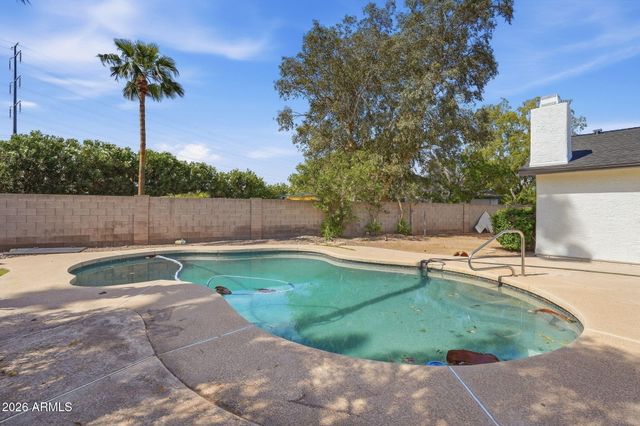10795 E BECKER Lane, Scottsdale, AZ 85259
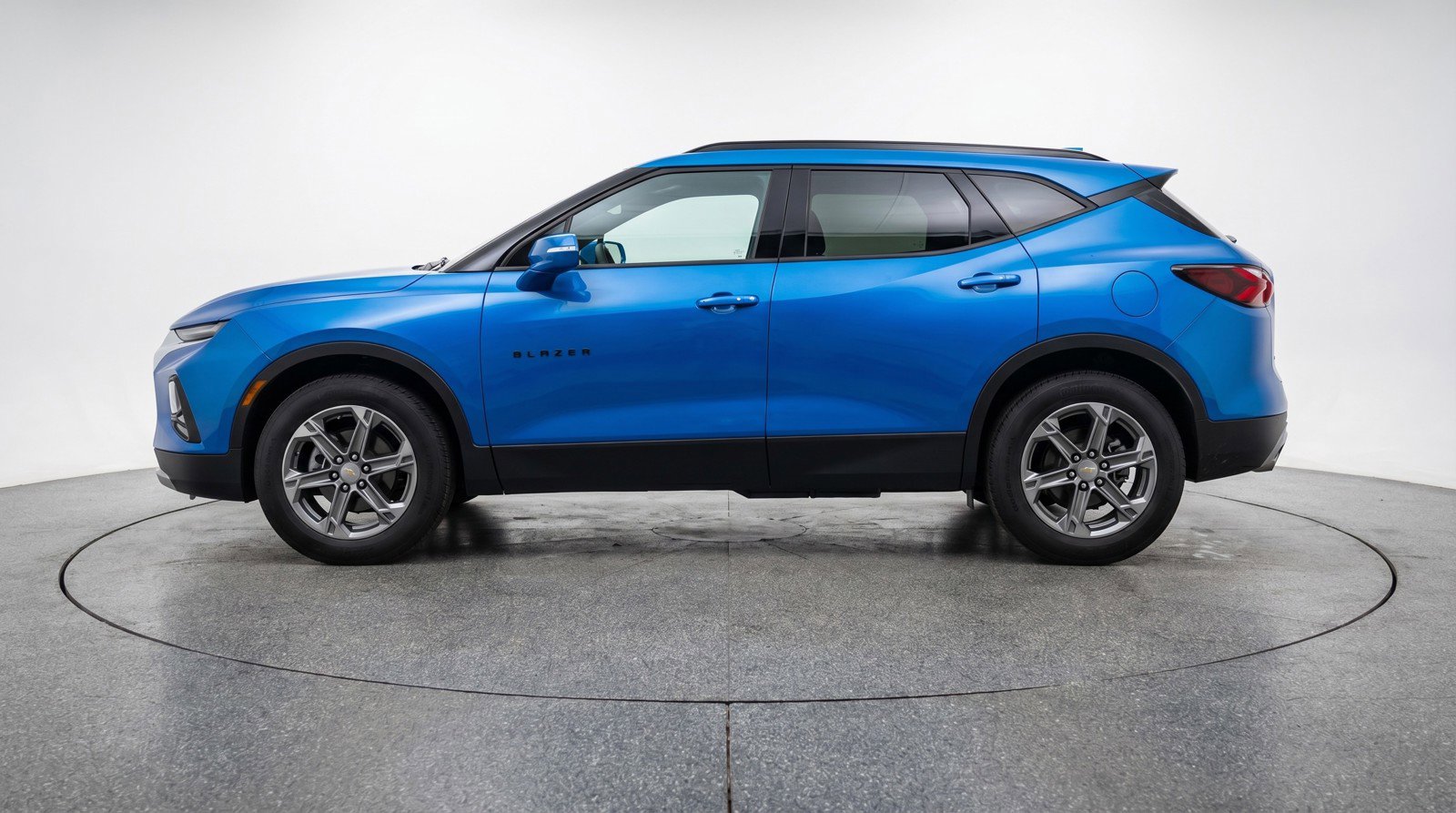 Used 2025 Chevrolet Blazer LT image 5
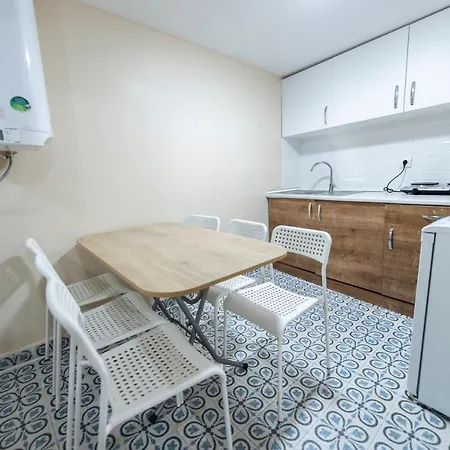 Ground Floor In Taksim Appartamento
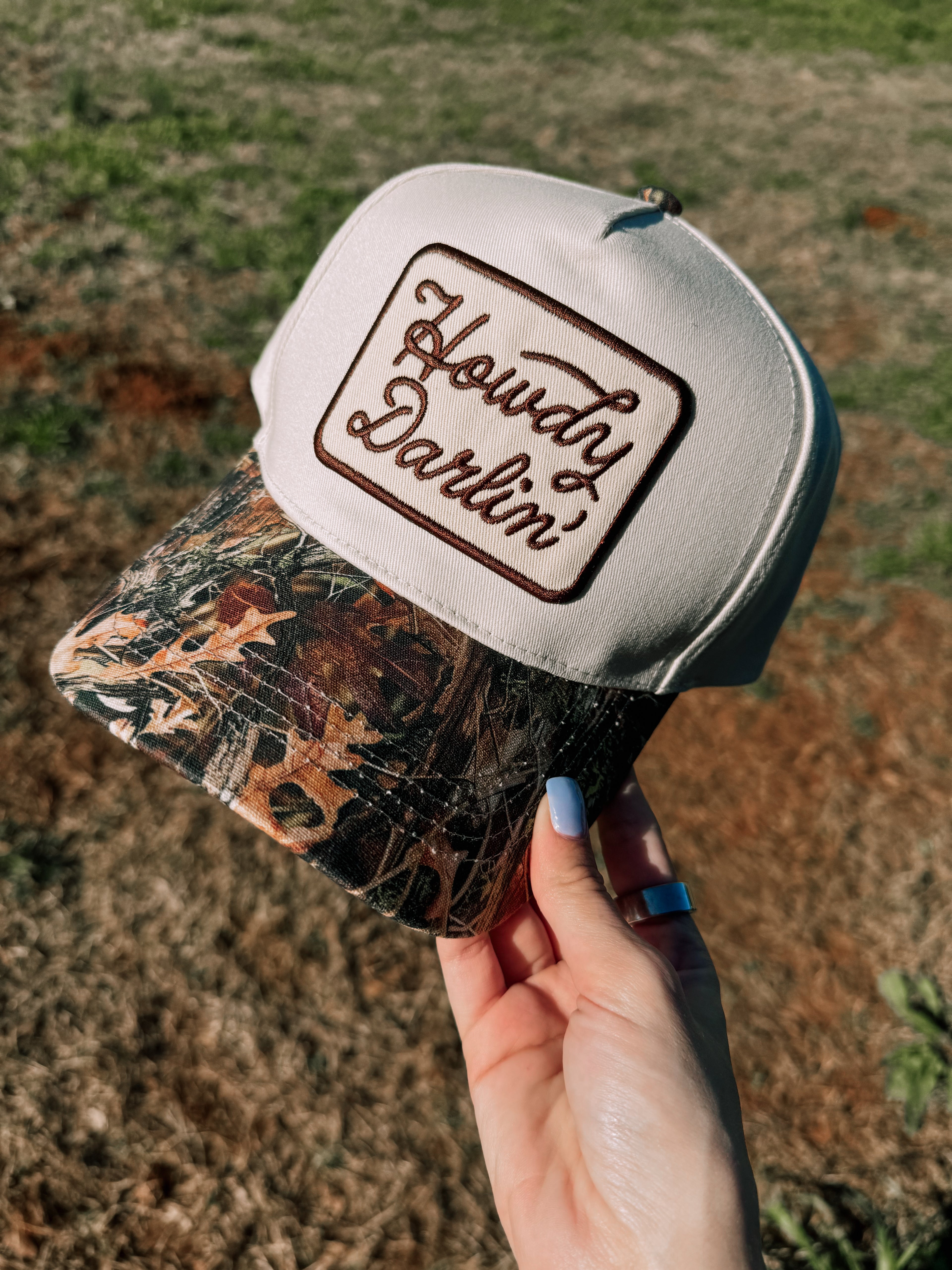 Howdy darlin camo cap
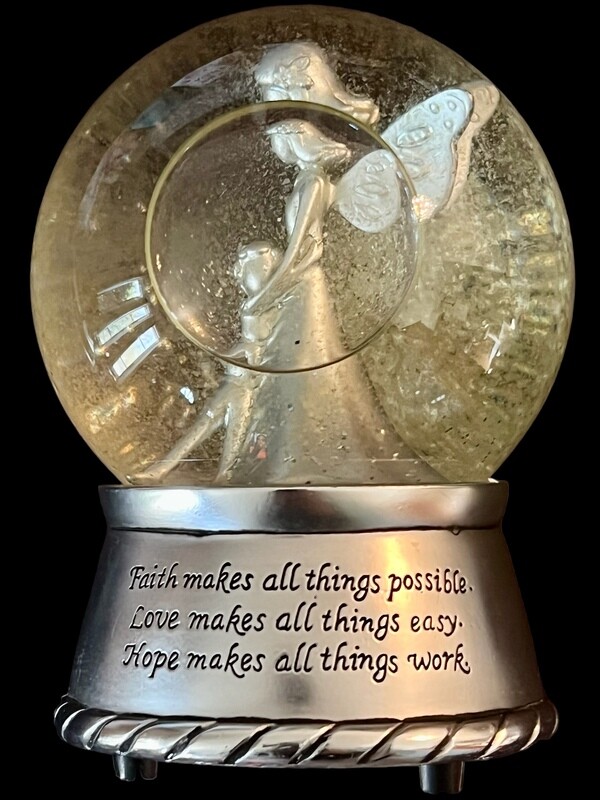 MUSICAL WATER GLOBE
==*==
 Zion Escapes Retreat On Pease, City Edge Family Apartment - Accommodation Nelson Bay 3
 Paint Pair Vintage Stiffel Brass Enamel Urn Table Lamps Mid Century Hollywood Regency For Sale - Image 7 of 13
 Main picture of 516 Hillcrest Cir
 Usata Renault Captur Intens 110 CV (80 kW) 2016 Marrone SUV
==*==
= Work item =
The output is the stretch above from the line with "10795 E BECKER Lane, Scottsdale, AZ 85259" through the line with "MUSICAL WATER GLOBE", copied word for word with both ends kept and every picture dropped.

= Written solution =
10795 E BECKER Lane, Scottsdale, AZ 85259
 Used 2025 Chevrolet Blazer LT image 5
 Ground Floor In Taksim Appartamento
 Howdy darlin camo cap
 MUSICAL WATER GLOBE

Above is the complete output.